#### [Problem]
Keep every word the same. Repeat the records without their images.

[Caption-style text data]

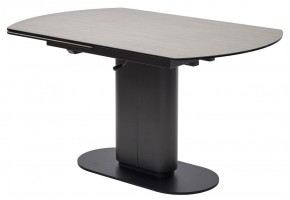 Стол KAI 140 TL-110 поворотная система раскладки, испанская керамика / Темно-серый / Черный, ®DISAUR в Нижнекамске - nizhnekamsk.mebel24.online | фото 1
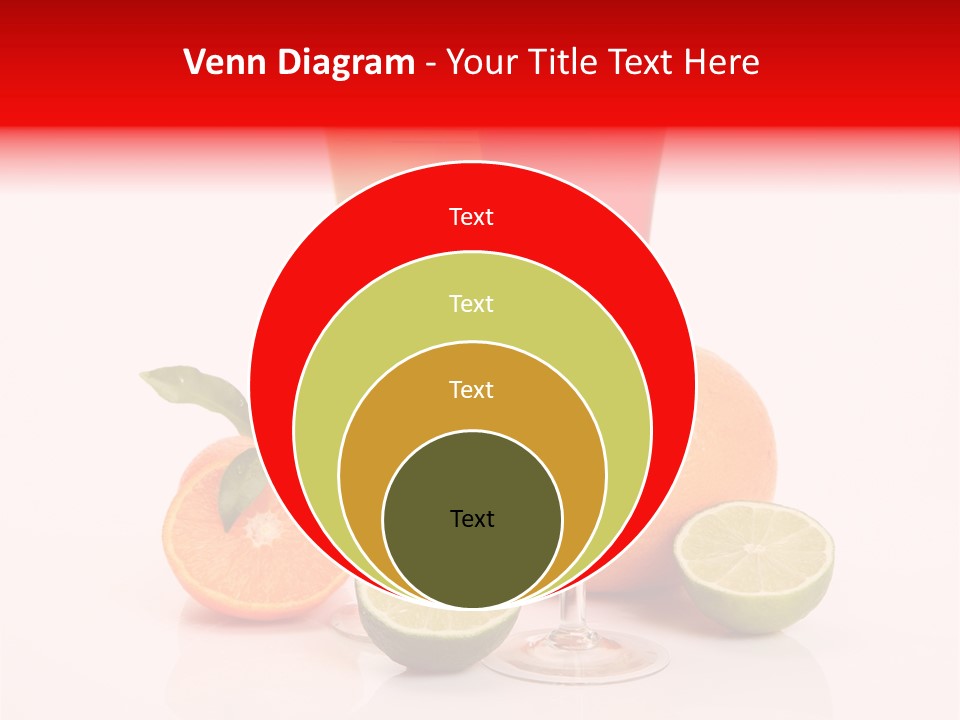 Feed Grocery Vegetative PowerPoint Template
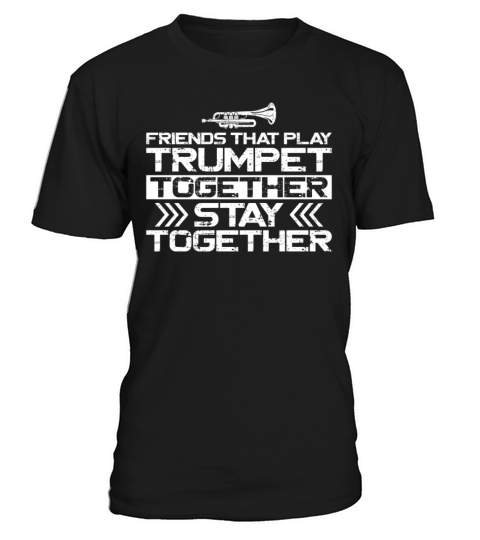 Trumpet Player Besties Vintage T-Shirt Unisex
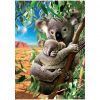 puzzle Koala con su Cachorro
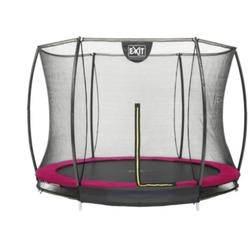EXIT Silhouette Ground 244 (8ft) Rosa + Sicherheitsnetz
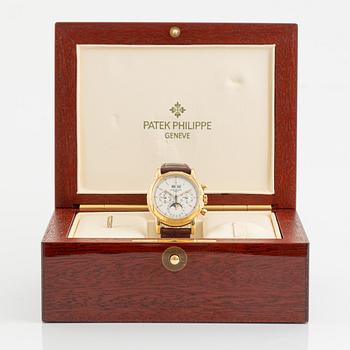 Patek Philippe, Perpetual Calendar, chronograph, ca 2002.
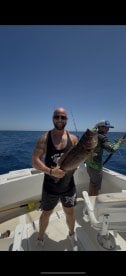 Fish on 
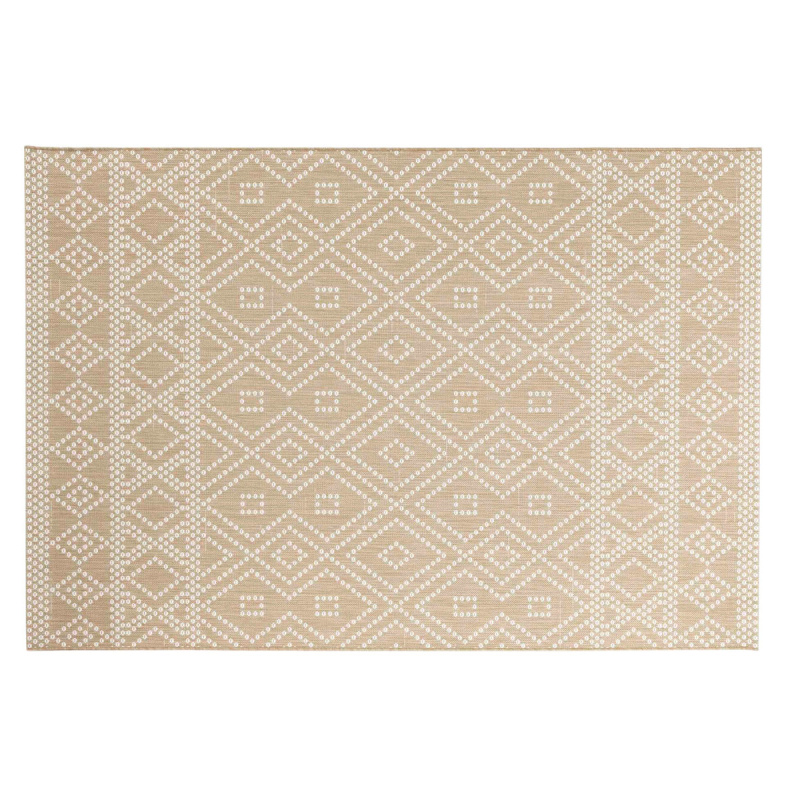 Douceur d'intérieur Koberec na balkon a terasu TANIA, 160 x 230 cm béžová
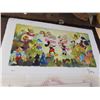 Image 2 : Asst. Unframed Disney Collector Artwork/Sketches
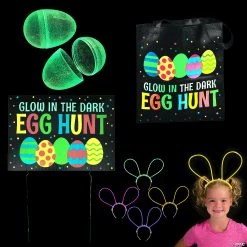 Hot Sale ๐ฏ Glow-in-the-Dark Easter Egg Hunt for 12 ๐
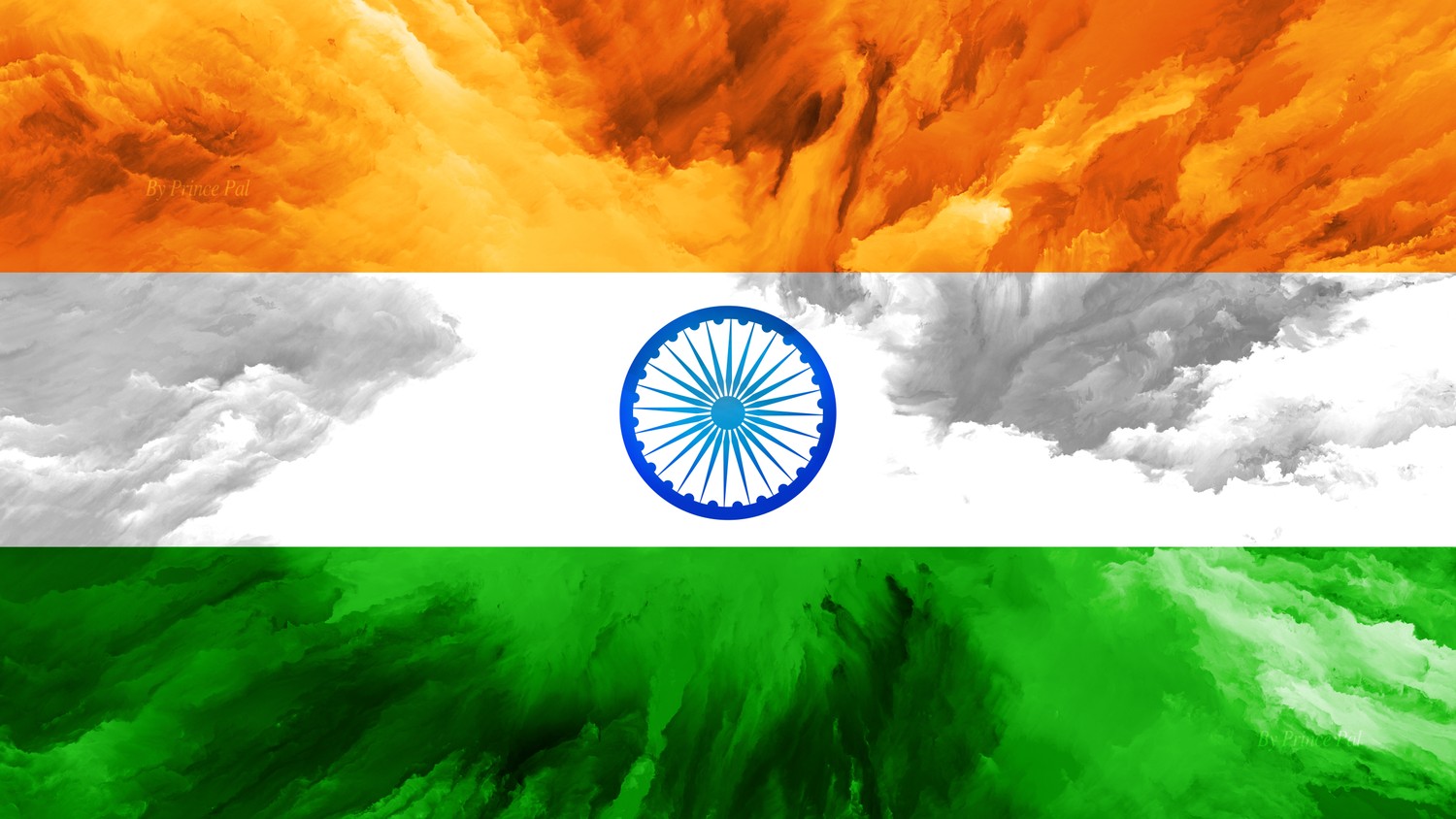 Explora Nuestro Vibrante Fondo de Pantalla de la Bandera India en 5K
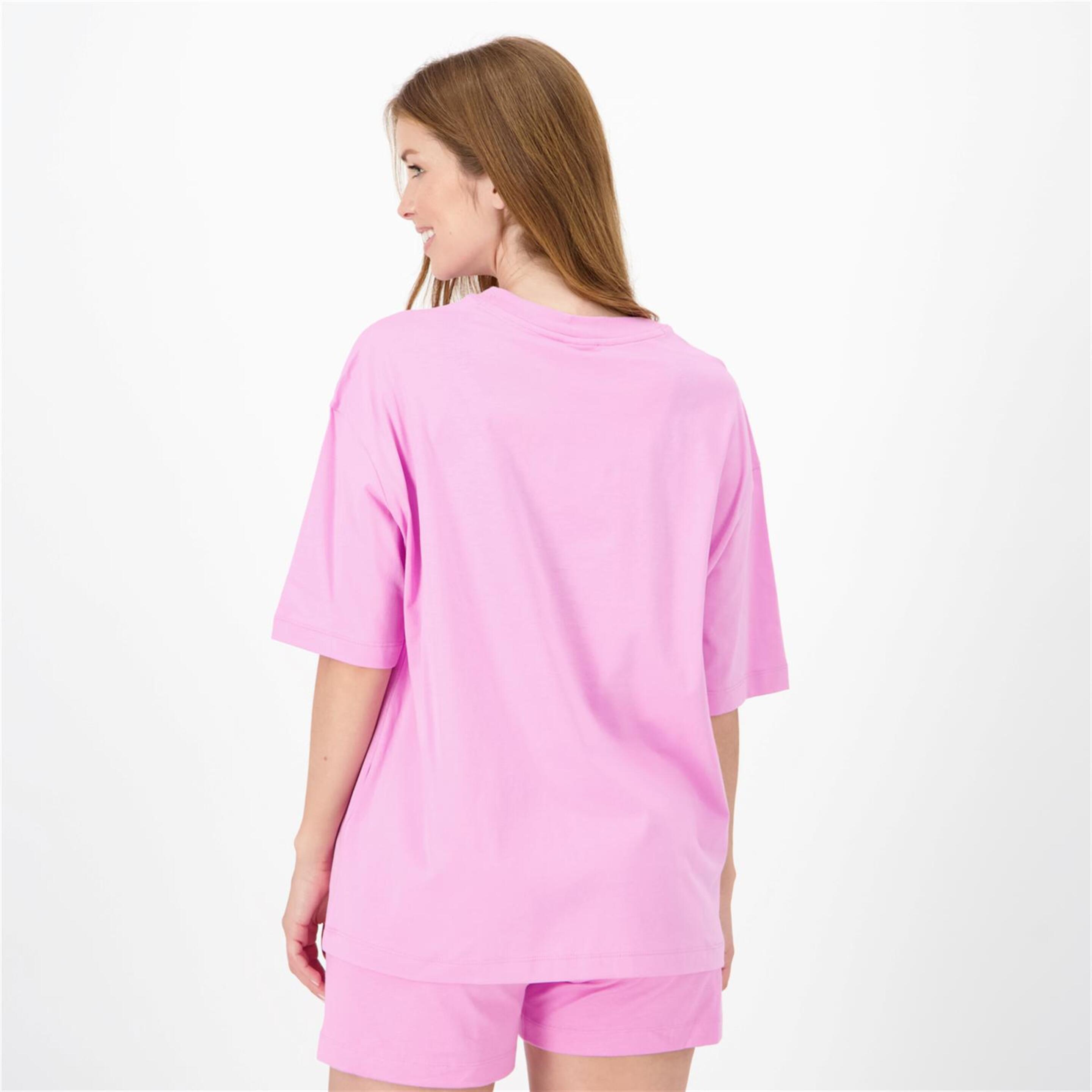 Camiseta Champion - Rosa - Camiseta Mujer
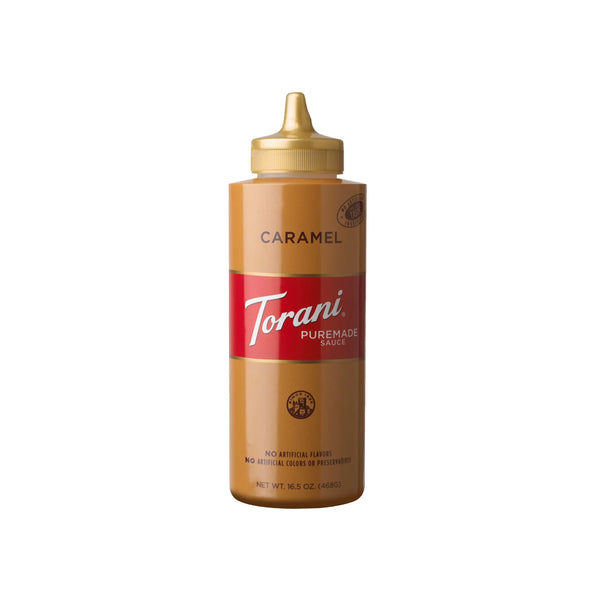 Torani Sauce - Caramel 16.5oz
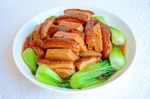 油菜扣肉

#### [Exercise result]
 Стол KAI 140 TL-110 поворотная система раскладки, испанская керамика / Темно-серый / Черный, ®DISAUR в Нижнекамске - nizhnekamsk.mebel24.online | фото 1
 Feed Grocery Vegetative PowerPoint Template
 Trumpet Player Besties Vintage T-Shirt Unisex
 puzzle Koala con su Cachorro
EXIT Silhouette Ground 244 (8ft) Rosa + Sicherheitsnetz
 Patek Philippe, Perpetual Calendar, chronograph, ca 2002.
 Fish on 
 Douceur d'intérieur Koberec na balkon a terasu TANIA, 160 x 230 cm béžová
 Image 2 : Asst. Unframed Disney Collector Artwork/Sketches
 Hot Sale ๐ฏ Glow-in-the-Dark Easter Egg Hunt for 12 ๐
 Explora Nuestro Vibrante Fondo de Pantalla de la Bandera India en 5K
 Camiseta Champion - Rosa - Camiseta Mujer
 Torani Sauce - Caramel 16.5oz
 油菜扣肉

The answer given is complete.